» ACTIVITY: Nothing is to be altered. Print each record in full.

» Crawled caption data:
[Start of section]
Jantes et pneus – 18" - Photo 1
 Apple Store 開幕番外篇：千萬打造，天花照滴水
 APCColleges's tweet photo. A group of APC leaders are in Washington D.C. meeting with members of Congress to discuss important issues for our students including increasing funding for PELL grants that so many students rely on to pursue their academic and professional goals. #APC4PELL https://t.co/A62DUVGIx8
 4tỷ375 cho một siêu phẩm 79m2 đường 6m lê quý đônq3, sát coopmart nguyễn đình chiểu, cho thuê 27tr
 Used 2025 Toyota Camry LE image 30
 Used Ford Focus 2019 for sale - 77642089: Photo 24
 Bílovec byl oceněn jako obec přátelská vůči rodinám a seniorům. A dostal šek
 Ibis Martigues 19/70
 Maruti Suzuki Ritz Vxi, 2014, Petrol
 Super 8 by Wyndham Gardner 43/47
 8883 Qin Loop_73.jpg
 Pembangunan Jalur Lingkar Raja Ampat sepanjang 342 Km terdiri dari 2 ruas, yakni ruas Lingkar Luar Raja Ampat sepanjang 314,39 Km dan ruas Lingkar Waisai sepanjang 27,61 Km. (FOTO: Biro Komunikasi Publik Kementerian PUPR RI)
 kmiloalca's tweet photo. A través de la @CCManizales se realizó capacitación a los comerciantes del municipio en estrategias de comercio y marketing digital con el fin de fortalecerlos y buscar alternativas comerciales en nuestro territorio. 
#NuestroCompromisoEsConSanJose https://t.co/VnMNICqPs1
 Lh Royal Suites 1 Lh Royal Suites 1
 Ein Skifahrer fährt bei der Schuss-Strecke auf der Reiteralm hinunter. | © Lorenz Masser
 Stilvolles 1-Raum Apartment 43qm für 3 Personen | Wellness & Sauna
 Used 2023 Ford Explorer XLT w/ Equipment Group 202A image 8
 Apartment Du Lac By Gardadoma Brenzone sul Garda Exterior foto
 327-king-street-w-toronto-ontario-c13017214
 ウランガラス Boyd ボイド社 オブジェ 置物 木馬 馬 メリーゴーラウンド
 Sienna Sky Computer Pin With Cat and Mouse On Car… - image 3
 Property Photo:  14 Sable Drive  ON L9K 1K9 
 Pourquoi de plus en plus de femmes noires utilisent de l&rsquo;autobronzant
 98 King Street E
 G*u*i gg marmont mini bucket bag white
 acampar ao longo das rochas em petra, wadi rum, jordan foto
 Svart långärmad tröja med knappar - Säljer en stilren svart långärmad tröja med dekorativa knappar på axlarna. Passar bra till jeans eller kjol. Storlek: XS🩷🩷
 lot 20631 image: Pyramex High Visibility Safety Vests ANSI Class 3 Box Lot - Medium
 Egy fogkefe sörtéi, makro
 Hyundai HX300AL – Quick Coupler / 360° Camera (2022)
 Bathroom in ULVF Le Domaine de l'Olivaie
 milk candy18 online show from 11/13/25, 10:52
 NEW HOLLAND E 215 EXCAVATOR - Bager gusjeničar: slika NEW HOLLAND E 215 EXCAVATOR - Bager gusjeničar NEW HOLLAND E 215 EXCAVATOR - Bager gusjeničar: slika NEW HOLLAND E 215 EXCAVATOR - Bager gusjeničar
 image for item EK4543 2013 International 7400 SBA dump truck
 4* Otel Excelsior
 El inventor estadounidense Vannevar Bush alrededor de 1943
[End of section]
» EXERCISE RESPONSE:
Jantes et pneus – 18" - Photo 1
 Apple Store 開幕番外篇：千萬打造，天花照滴水
 APCColleges's tweet photo. A group of APC leaders are in Washington D.C. meeting with members of Congress to discuss important issues for our students including increasing funding for PELL grants that so many students rely on to pursue their academic and professional goals. #APC4PELL https://t.co/A62DUVGIx8
 4tỷ375 cho một siêu phẩm 79m2 đường 6m lê quý đônq3, sát coopmart nguyễn đình chiểu, cho thuê 27tr
 Used 2025 Toyota Camry LE image 30
 Used Ford Focus 2019 for sale - 77642089: Photo 24
 Bílovec byl oceněn jako obec přátelská vůči rodinám a seniorům. A dostal šek
 Ibis Martigues 19/70
 Maruti Suzuki Ritz Vxi, 2014, Petrol
 Super 8 by Wyndham Gardner 43/47
 8883 Qin Loop_73.jpg
 Pembangunan Jalur Lingkar Raja Ampat sepanjang 342 Km terdiri dari 2 ruas, yakni ruas Lingkar Luar Raja Ampat sepanjang 314,39 Km dan ruas Lingkar Waisai sepanjang 27,61 Km. (FOTO: Biro Komunikasi Publik Kementerian PUPR RI)
 kmiloalca's tweet photo. A través de la @CCManizales se realizó capacitación a los comerciantes del municipio en estrategias de comercio y marketing digital con el fin de fortalecerlos y buscar alternativas comerciales en nuestro territorio. 
#NuestroCompromisoEsConSanJose https://t.co/VnMNICqPs1
 Lh Royal Suites 1 Lh Royal Suites 1
 Ein Skifahrer fährt bei der Schuss-Strecke auf der Reiteralm hinunter. | © Lorenz Masser
 Stilvolles 1-Raum Apartment 43qm für 3 Personen | Wellness & Sauna
 Used 2023 Ford Explorer XLT w/ Equipment Group 202A image 8
 Apartment Du Lac By Gardadoma Brenzone sul Garda Exterior foto
 327-king-street-w-toronto-ontario-c13017214
 ウランガラス Boyd ボイド社 オブジェ 置物 木馬 馬 メリーゴーラウンド
 Sienna Sky Computer Pin With Cat and Mouse On Car… - image 3
 Property Photo:  14 Sable Drive  ON L9K 1K9 
 Pourquoi de plus en plus de femmes noires utilisent de l&rsquo;autobronzant
 98 King Street E
 G*u*i gg marmont mini bucket bag white
 acampar ao longo das rochas em petra, wadi rum, jordan foto
 Svart långärmad tröja med knappar - Säljer en stilren svart långärmad tröja med dekorativa knappar på axlarna. Passar bra till jeans eller kjol. Storlek: XS🩷🩷
 lot 20631 image: Pyramex High Visibility Safety Vests ANSI Class 3 Box Lot - Medium
 Egy fogkefe sörtéi, makro
 Hyundai HX300AL – Quick Coupler / 360° Camera (2022)
 Bathroom in ULVF Le Domaine de l'Olivaie
 milk candy18 online show from 11/13/25, 10:52
 NEW HOLLAND E 215 EXCAVATOR - Bager gusjeničar: slika NEW HOLLAND E 215 EXCAVATOR - Bager gusjeničar NEW HOLLAND E 215 EXCAVATOR - Bager gusjeničar: slika NEW HOLLAND E 215 EXCAVATOR - Bager gusjeničar
 image for item EK4543 2013 International 7400 SBA dump truck
 4* Otel Excelsior
 El inventor estadounidense Vannevar Bush alrededor de 1943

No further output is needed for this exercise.